I do not need to walk through a mall anymore to do that work. I can do it in my own house.
My kids are suddenly obsessed with hacky sacks. They cannot find any in stock. There are two colleges near me where I see students playing it on the lawns. My son brought one to his baseball game last week and was kicking it around in the outfield, alone, waiting.
That is the kind of signal that twenty-nine years on the buy side teaches you to pay attention to. So I went down a rabbit hole. The history of the brand. The owners. The trend.
What I found was fascinating. A timeless brand. An asset that turned out to be far more cyclical than durable. And a chain of successive owners across forty years who likely kept buying it as the first thing and discovering they had bought the second thing.

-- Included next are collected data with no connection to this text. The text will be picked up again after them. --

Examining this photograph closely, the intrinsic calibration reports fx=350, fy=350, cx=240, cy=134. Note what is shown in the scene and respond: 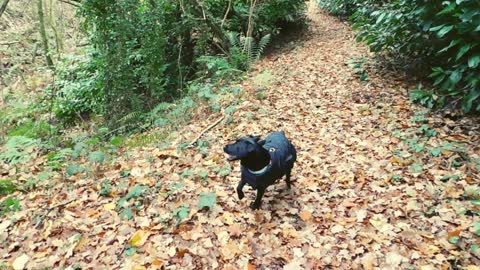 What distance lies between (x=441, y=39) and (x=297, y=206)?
3.74 metres

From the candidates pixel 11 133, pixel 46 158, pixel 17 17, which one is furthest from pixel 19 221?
pixel 17 17

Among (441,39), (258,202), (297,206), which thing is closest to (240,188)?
(258,202)

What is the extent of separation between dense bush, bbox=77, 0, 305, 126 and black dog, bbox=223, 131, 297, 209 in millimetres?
4350

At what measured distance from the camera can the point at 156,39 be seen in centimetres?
777

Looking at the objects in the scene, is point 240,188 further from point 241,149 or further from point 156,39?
point 156,39

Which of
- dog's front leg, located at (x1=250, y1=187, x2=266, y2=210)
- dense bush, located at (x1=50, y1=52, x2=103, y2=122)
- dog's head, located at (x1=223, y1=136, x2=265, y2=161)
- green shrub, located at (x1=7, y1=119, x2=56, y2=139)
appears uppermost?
dog's head, located at (x1=223, y1=136, x2=265, y2=161)

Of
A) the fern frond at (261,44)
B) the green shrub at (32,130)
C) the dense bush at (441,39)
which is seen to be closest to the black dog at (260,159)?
the dense bush at (441,39)

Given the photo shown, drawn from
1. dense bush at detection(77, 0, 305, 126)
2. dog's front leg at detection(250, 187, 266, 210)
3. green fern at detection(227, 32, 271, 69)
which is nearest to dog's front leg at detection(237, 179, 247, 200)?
dog's front leg at detection(250, 187, 266, 210)

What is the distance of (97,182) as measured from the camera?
452cm

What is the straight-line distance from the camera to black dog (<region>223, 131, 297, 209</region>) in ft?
10.7

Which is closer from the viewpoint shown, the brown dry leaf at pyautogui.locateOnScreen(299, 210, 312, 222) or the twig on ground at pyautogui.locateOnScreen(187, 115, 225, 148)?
the brown dry leaf at pyautogui.locateOnScreen(299, 210, 312, 222)

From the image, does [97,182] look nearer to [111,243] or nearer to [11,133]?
[111,243]

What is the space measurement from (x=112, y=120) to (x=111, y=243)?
4.62 metres

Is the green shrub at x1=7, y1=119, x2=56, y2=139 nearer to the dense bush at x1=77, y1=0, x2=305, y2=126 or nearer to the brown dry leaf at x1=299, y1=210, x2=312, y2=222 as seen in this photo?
the dense bush at x1=77, y1=0, x2=305, y2=126
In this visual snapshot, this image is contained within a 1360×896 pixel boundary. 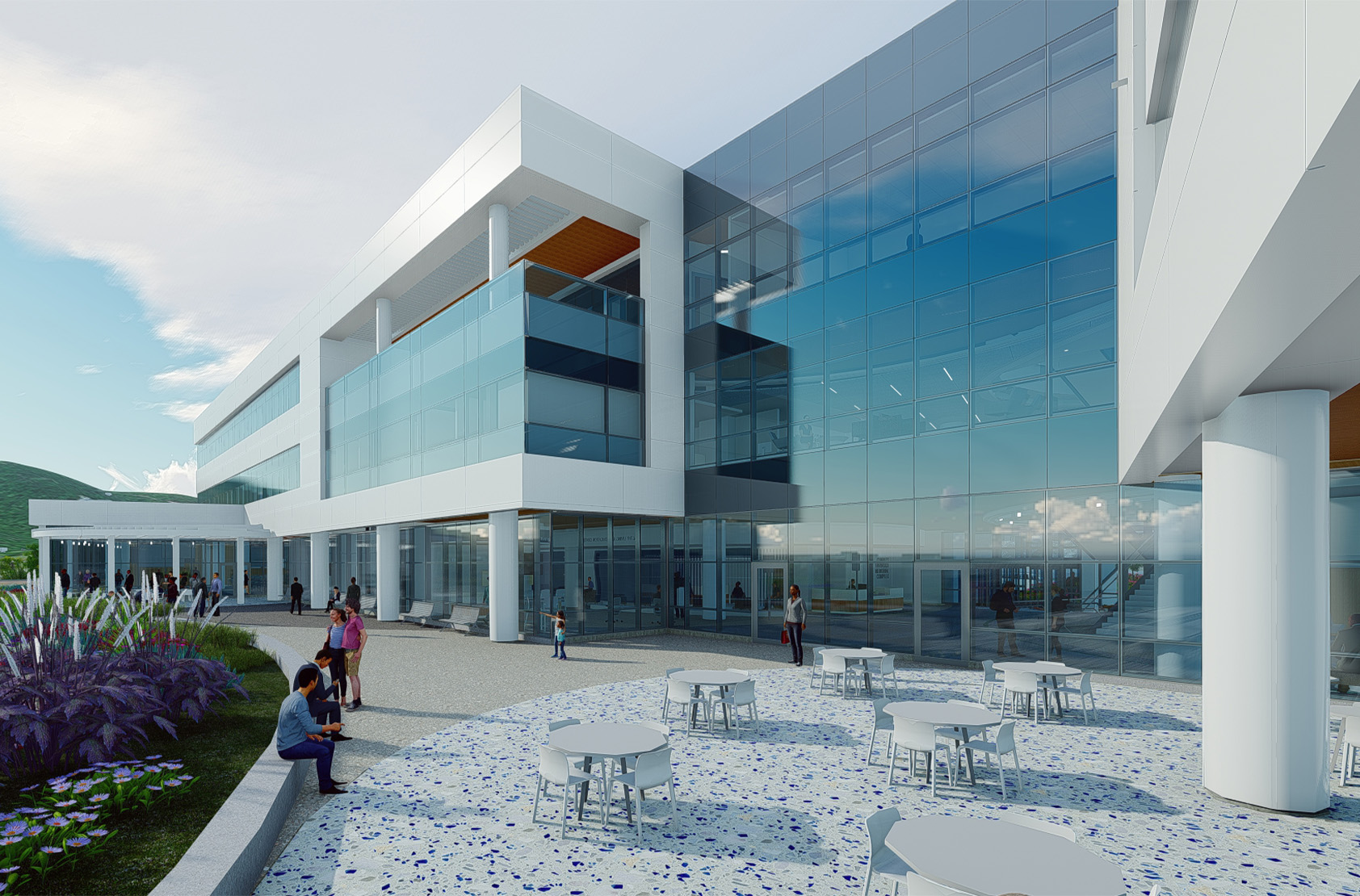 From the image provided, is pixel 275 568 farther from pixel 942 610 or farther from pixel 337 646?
pixel 942 610

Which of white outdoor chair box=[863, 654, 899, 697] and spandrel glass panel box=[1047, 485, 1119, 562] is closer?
white outdoor chair box=[863, 654, 899, 697]

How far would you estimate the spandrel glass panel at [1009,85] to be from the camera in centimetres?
1560

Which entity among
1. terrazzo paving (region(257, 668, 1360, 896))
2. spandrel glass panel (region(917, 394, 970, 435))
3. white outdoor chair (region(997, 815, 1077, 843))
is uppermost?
spandrel glass panel (region(917, 394, 970, 435))

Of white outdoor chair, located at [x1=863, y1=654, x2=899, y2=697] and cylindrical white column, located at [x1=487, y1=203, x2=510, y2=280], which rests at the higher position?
cylindrical white column, located at [x1=487, y1=203, x2=510, y2=280]

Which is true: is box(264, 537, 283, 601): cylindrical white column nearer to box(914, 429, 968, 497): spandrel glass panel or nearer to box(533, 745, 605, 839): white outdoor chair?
box(914, 429, 968, 497): spandrel glass panel

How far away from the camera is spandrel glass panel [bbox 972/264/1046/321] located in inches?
603

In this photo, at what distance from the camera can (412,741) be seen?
10203 millimetres

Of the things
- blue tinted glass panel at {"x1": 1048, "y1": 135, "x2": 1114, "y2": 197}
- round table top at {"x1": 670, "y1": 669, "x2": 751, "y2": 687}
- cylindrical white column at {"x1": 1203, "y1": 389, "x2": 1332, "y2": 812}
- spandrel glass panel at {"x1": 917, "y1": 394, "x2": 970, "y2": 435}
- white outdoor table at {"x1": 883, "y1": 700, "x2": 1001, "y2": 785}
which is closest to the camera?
cylindrical white column at {"x1": 1203, "y1": 389, "x2": 1332, "y2": 812}

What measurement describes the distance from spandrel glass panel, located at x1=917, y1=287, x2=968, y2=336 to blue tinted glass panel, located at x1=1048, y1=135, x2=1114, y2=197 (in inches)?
106

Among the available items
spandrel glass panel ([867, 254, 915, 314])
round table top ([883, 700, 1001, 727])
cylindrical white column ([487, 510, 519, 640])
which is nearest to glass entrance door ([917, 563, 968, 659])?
spandrel glass panel ([867, 254, 915, 314])

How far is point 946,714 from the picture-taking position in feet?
28.4

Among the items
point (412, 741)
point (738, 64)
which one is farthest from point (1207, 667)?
point (738, 64)

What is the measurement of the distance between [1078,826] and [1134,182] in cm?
917

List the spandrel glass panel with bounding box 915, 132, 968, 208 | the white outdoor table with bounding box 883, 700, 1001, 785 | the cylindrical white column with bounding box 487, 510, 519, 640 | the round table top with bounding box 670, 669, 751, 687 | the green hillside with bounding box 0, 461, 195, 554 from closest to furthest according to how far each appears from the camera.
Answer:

The hacky sack was invented in 1972 by two friends in Oregon. One died of a heart attack at twenty-eight before it took off. Wham-O bought the rights in 1983.
Wham-O is one of the most iconic toy IP portfolios in American history. The Frisbee. The Hula Hoop. The Slip 'N Slide. The Super Ball. The Hacky Sack. None of these products has been displaced by technology. By every visible measure, the kind of durable consumer franchise that should compound quietly for decades.
It has not. The brand peaked in cultural relevance decades ago. There have been seven owners and what looks to me like a long stretch of value destruction.
Here is the investing concept underneath this.
There is a strain of investing thinking I have always taken seriously. Buy things that do not change. Find products with low obsolescence risk. The thing in your hand today should still be the thing in someone's hand a decade from now.
The Wham-O products meet that test on the surface. The Frisbee will not be made obsolete by software. The Hula Hoop is not going to be displaced by AI. The Hacky Sack is the same two leather panels stitched around a bag of beans that it was in 1973.
So why has the asset deteriorated under successive owners?
They probably kept trading on nostalgia and treating it as demand.
A timeless brand has demand that just keeps showing up. People wake up wanting Coke whether anyone reminds them or not. The brand does the work. The cash flows are steady.
A nostalgic brand has all the recognition. All the warm cultural memory. Everyone over forty smiles when they see the logo. The form is intact. The feeling is real. But almost nobody is reaching for it on any given Tuesday.
These two states look identical from outside. They are completely different assets to own.
That is a hard mistake to catch from the inside. Recognition feels like demand. Memory feels like signal. The warmth feels like data.
I think most of us are doing some version of this in our own lives. We are living inside the feeling of something rather than the thing itself.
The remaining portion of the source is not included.